Confundir las categorías y asignarle importancia a lo que terceros no afectados piensen de nuestras vidas, es el camino más seguro para ser infelices. Tal vez una de las mayores ventajas de crecer es ir reduciendo cada vez más el círculo de la gente a la que uno le interesa agradarle y entender que nunca puede faltar incluirse a uno mismo. Y, cuando quiero enseñar algo, hago como mi mamá y digo: «¡Mira qué bonito me quedó!»

El Marco de la Realidad

Verse a través de los ojos de un extraño resultaría extremadamente útil cuando me estoy probando jeans. Los espejos mienten (o, por lo menos, eso me gusta creer en las tiendas), las amigas son muy amables, las parejas tienen otras intenciones y yo no tengo ojos en la espalda. Sería tan interesante conocerse a uno mismo desde afuera.

No tenemos una percepción objetiva del mundo a nuestro alrededor, menos de nosotros mismos. Somos nuestra medida y nuestro medidor. Ni siquiera nos escuchamos la voz como suena y nos sorprende cuando nos pasan una grabación nuestra. No es de extrañarse que haya tanta gente que cree que puede cantar.

Muchas veces dejamos que nuestros sentimientos nos digan quiénes somos y éstos no son precisamente el paragón de la estabilidad. ¿Cómo podemos saber que ya no nos vemos «jóvenes», que ese corte de pelo ya no nos va, que no, tal vez shorts tan cortos son poco atractivos? Tener una noción más o menos acertada de cómo nos proyectamos hacia afuera, ayuda en mucho a establecer una relación sana con nuestro entorno y con el papel que jugamos.

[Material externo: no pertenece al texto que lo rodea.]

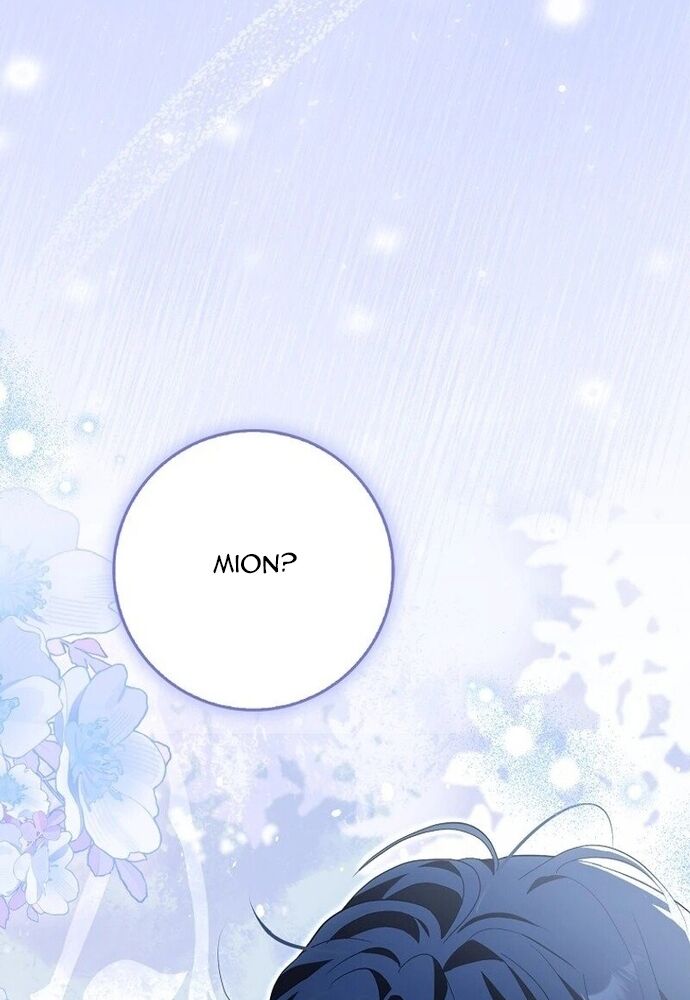 Tôi Chỉ Muốn Ngủ Riêng! Chapter 13 - 6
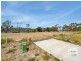 54 Stony Point Drive, Austins Ferry TAS 7011
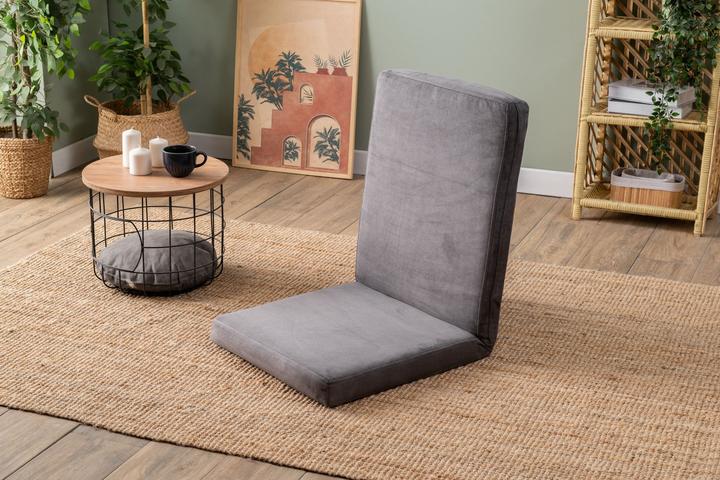 Produktbild Atelier del Sofa Tera Single 1-Seat Sofa-Bed (1-Sitzer)
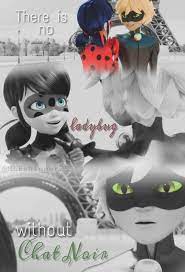 Download 4,320 ladybug wallpaper stock illustrations, vectors & clipart for free or amazingly low rates! Pin On Miraculous Ladybug
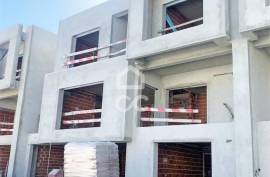 Townhouse Seixal Vale de Milhaços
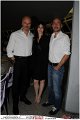 030ReggioCalabriaFilmFestival_LovePhoto_27-28052011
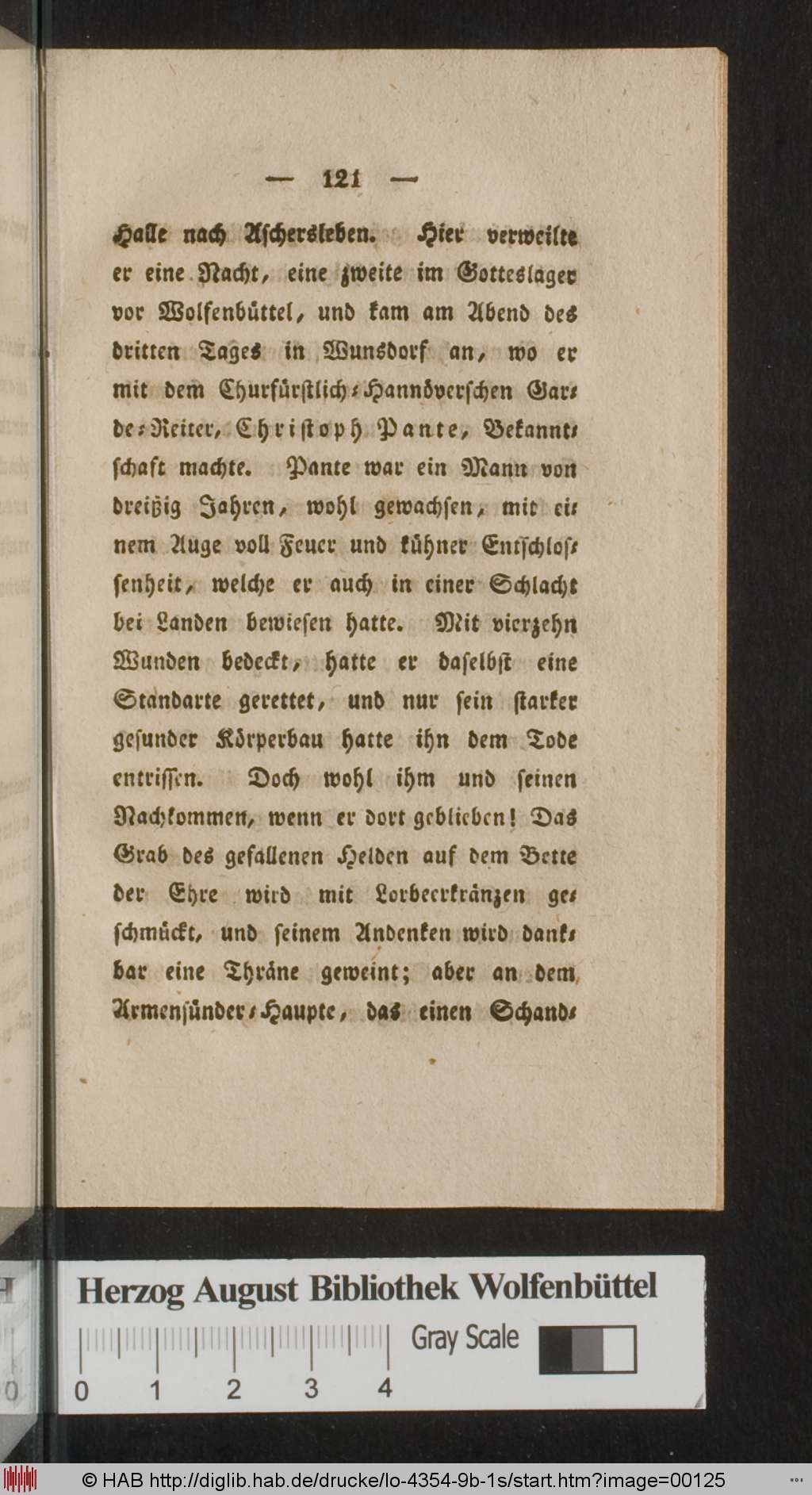 http://diglib.hab.de/drucke/lo-4354-9b-1s/00125.jpg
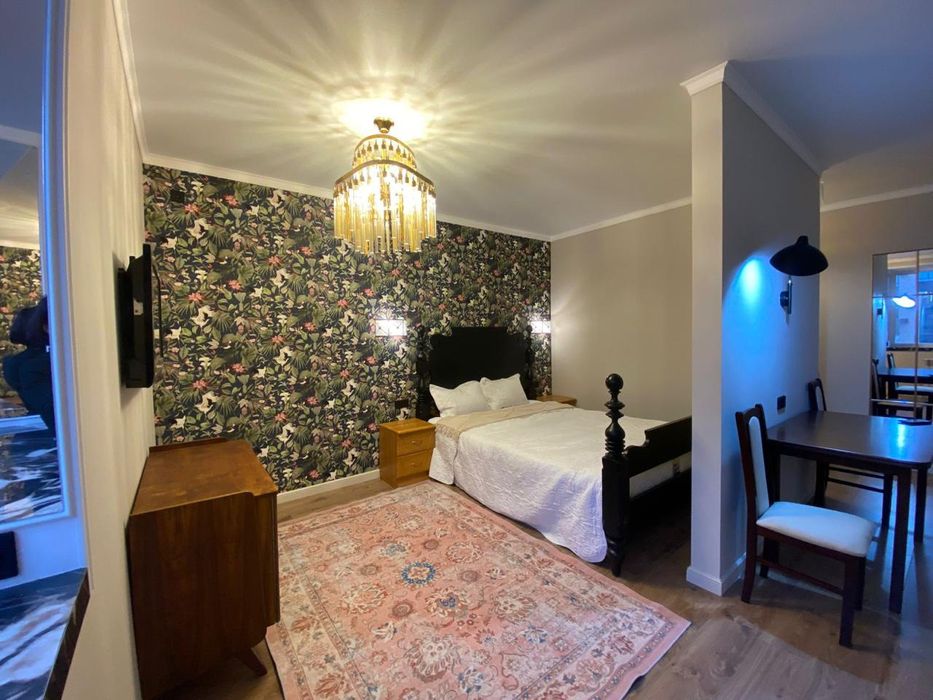 Недвижимость продажа квартира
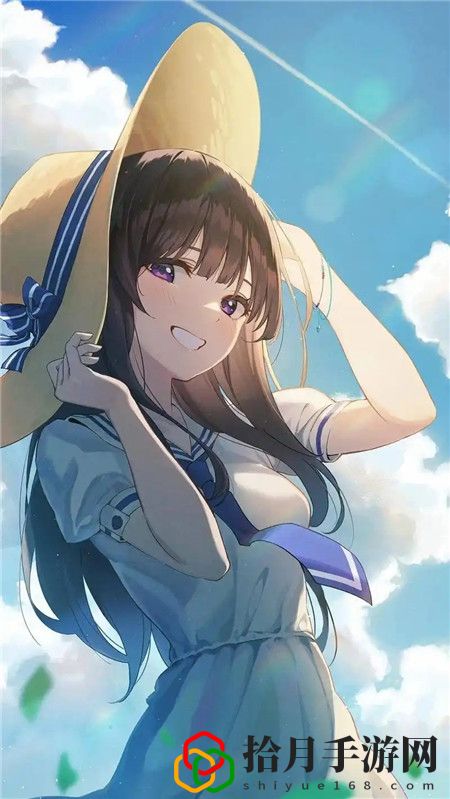 蜜桃97ai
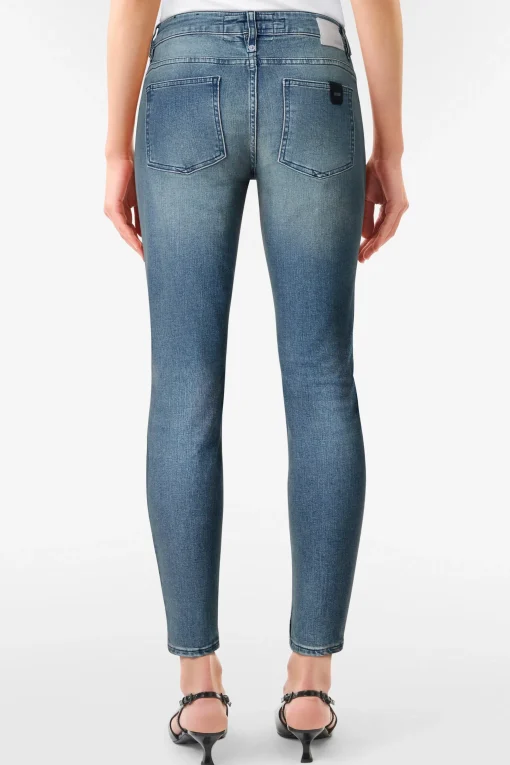 NEED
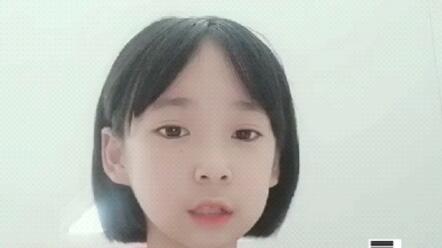 青春娱乐分类视频精品导航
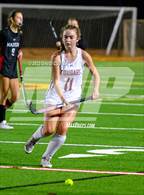 Photo from the gallery "James Madison @ Oakton"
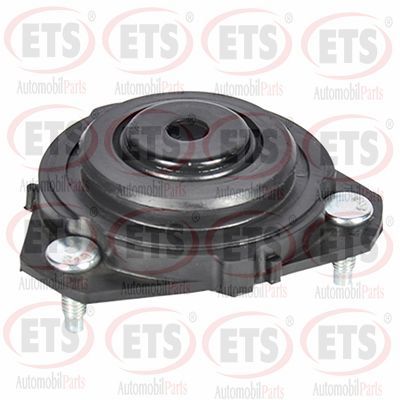 Опора стойки амортизатора ETS 06SM076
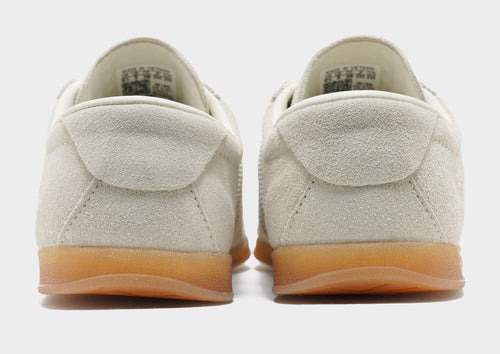 Gazelle Lo Pro Women's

He escuchado decir que la felicidad se encuentra viviendo dentro del marco de nuestra realidad. Esto me parece sumamente interesante. Porque en ningún momento estamos diciendo que el marco no se puede modificar. Pero, si ni siquiera queremos admitir que existe, es más fácil caer en actitudes y hábitos perjudiciales, como gastar más de lo que se gana, comer más de lo que se debe, hasta vestirse con ropa que definitivamente no nos va.

Conocer, hasta donde se puede, los límites que nos rodean, no es agobiante para quien mira esas líneas no como paredes, sino como metas que sobrepasar. Es bueno rodearse de gente que lo quiera a uno lo suficiente como para enseñarle la realidad, pero que también se apunte a ayudar a cambiarla. Y que no lo deje a uno comprarse ropa que quede fatal.